### Source material ###
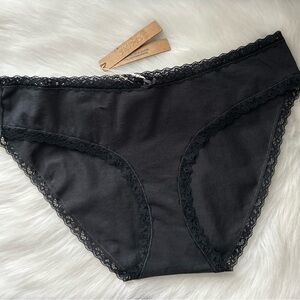 SKIMS Lightweight Cotton Lace Trim Brief XL BR-BRF-5963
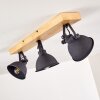 Svanfolk Plafondlamp Hout licht, 3-lichts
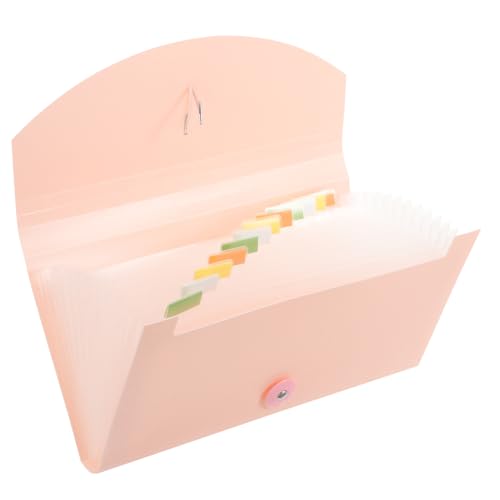 WRITWAA Fächermappe mit Akkordeon design Erweiterbarer Beleg Rechnungshalter Langlebige Dokumententasche für Büro und Organisation Großer Stauraum Tragbarer Organizer für Quittungen und von WRITWAA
###
→ **Your instructions**
Reproduce the listing exactly, but omit every picture in it.

→ **Finished task**
 SKIMS Lightweight Cotton Lace Trim Brief XL BR-BRF-5963
 Svanfolk Plafondlamp Hout licht, 3-lichts
 WRITWAA Fächermappe mit Akkordeon design Erweiterbarer Beleg Rechnungshalter Langlebige Dokumententasche für Büro und Organisation Großer Stauraum Tragbarer Organizer für Quittungen und von WRITWAA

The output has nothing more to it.